Scraped caption text data:
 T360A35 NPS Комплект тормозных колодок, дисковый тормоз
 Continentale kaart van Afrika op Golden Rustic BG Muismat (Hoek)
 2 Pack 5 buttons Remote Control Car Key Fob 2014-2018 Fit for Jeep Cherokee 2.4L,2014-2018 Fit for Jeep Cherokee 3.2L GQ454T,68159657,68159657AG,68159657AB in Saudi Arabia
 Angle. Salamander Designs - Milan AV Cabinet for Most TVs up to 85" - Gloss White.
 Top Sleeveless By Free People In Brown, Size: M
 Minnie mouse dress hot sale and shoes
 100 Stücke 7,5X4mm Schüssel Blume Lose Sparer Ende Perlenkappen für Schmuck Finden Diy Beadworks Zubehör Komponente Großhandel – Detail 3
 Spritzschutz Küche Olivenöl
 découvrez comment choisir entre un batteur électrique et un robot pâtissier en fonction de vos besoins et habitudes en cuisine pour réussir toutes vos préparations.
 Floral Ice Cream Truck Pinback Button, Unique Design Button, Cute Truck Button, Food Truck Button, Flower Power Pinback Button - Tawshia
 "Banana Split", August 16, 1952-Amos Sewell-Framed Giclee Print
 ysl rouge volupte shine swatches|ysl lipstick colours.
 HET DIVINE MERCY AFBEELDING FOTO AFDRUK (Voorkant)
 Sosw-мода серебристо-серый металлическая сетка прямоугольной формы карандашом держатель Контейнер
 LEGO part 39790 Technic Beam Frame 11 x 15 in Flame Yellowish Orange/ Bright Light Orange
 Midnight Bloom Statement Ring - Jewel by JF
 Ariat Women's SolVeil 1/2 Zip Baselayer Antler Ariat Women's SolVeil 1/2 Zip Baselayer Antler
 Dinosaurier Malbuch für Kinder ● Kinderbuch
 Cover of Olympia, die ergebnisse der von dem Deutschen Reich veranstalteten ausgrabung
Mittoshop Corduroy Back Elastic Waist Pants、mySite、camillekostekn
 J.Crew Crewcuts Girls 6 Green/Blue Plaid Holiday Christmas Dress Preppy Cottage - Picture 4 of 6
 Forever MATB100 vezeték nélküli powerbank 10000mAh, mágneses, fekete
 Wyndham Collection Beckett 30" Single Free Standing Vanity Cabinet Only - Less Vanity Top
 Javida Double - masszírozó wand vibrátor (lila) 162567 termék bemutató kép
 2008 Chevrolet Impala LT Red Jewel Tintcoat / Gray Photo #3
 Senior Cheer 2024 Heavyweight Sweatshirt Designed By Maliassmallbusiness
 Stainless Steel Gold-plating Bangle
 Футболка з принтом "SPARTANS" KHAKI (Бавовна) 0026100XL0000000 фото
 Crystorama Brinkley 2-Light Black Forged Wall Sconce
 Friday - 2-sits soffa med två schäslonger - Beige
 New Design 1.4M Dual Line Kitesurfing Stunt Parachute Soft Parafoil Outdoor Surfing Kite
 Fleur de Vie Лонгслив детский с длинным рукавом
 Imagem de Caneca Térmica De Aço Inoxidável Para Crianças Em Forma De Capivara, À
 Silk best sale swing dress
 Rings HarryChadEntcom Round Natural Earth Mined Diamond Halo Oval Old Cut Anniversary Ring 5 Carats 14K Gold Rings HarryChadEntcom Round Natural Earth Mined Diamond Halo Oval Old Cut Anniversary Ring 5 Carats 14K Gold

**TASK ITEM**
Nothing but the lines above from the one containing "2 Pack 5 buttons" through the one containing "LEGO part 39790" should appear in the answer, each repeated exactly.

**ANSWER FOR THIS EXERCISE**
 2 Pack 5 buttons Remote Control Car Key Fob 2014-2018 Fit for Jeep Cherokee 2.4L,2014-2018 Fit for Jeep Cherokee 3.2L GQ454T,68159657,68159657AG,68159657AB in Saudi Arabia
 Angle. Salamander Designs - Milan AV Cabinet for Most TVs up to 85" - Gloss White.
 Top Sleeveless By Free People In Brown, Size: M
 Minnie mouse dress hot sale and shoes
 100 Stücke 7,5X4mm Schüssel Blume Lose Sparer Ende Perlenkappen für Schmuck Finden Diy Beadworks Zubehör Komponente Großhandel – Detail 3
 Spritzschutz Küche Olivenöl
 découvrez comment choisir entre un batteur électrique et un robot pâtissier en fonction de vos besoins et habitudes en cuisine pour réussir toutes vos préparations.
 Floral Ice Cream Truck Pinback Button, Unique Design Button, Cute Truck Button, Food Truck Button, Flower Power Pinback Button - Tawshia
 "Banana Split", August 16, 1952-Amos Sewell-Framed Giclee Print
 ysl rouge volupte shine swatches|ysl lipstick colours.
 HET DIVINE MERCY AFBEELDING FOTO AFDRUK (Voorkant)
 Sosw-мода серебристо-серый металлическая сетка прямоугольной формы карандашом держатель Контейнер
 LEGO part 39790 Technic Beam Frame 11 x 15 in Flame Yellowish Orange/ Bright Light Orange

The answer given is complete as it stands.